To Berlin he was invited by a series of letters, couched in terms of the most enthusiastic friendship and admiration. For once the rigid parsimony of Frederic seemed to have relaxed. Orders, honourable offices, a liberal pension, a well-served table, stately apartments under a royal roof, were offered in return for the pleasure and honour which were expected from the society of the first wit of the age. A thousand louis were remitted for the charges of the journey. No ambassador setting out from Berlin for a court of the first rank, had ever been more amply supplied. But Voltaire was not satisfied. At a later period, when he possessed an ample fortune, he was one of the most liberal of men; but till his means had become equal to his wishes, his greediness for lucre was unrestrained either by justice or by shame. He had the effrontery to ask for a thousand louis more, in order to enable him to bring his niece, Madame Denis, the ugliest of coquettes, in his company. The indelicate rapacity of the poet produced its natural effect on the severe and frugal King. The answer was a dry refusal. "I did not," said his Majesty, "solicit the honour of the lady's society." On this, Voltaire went off into a paroxysm of childish rage. "Was there ever such avarice? He has hundreds of tubs full of dollars in his vaults, and haggles with me about a poor thousand louis." It seemed that the negotiation would be broken off; but Frederic, with great dexterity, affected indifference, and seemed inclined to transfer his idolatry to Baculard D'Arnaud. His Majesty even wrote some bad verses, of which the sense was, that Voltaire was a setting sun, and that D'Arnaud was rising. Good-natured friends soon carried the lines to Voltaire. He was in his bed. He jumped out in his shirt, danced about the room with rage, and sent for his passport and his post-horses. It was not difficult to foresee the end of a connection which had such a beginning.

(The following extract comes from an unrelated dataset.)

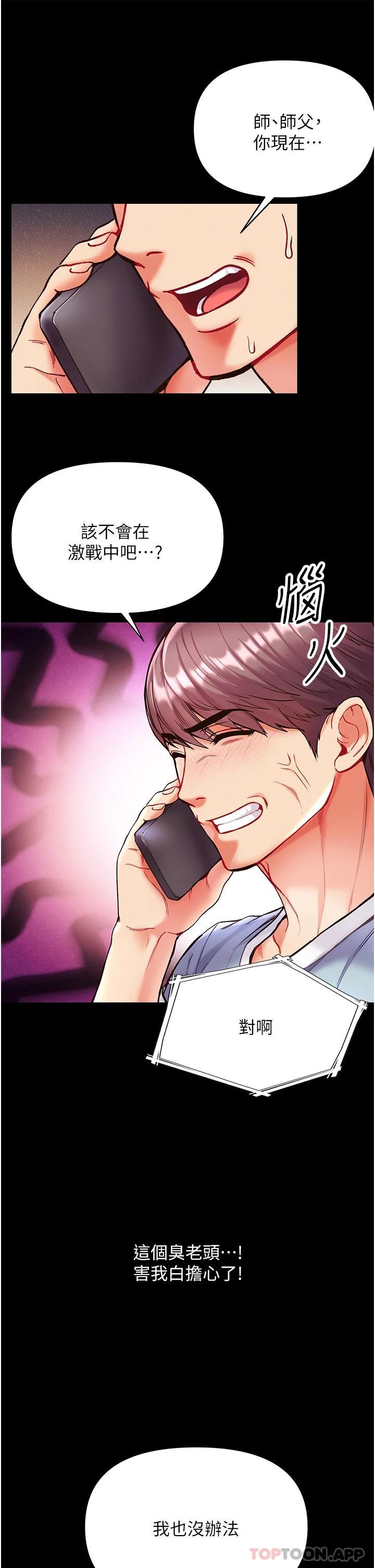 第22话-打铁要趁热-第一大弟子-M16,逃兵（第5张）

It was in the year 1750 that Voltaire left the great capital, which he was not to see again till, after the lapse of near thirty years, he returned bowed down by extreme old age, to die in the midst of a splendid and ghastly triumph. His reception in Prussia was such as might well have elated a less vain and excitable mind. He wrote to his friends at Paris, that the kindness and the attention with which he had been welcomed surpassed description, that the King was the most amiable of men, that Potsdam was the paradise of philosophers. He was created chamberlain, and received, together with his gold key, the cross of an order, and a patent ensuring to him a pension of eight hundred pounds sterling a year for life. A hundred and sixty pounds a year were promised to his niece if she survived him. The royal cooks and coachmen were put at his disposal. He was lodged in the same apartments in which Saxe had lived, when, at the height of power and glory, he visited Prussia. Frederic, indeed, stooped for a time even to use the language of adulation. He pressed to his lips the meagre hand of the little grinning skeleton, whom he regarded as the dispenser of immortal renown.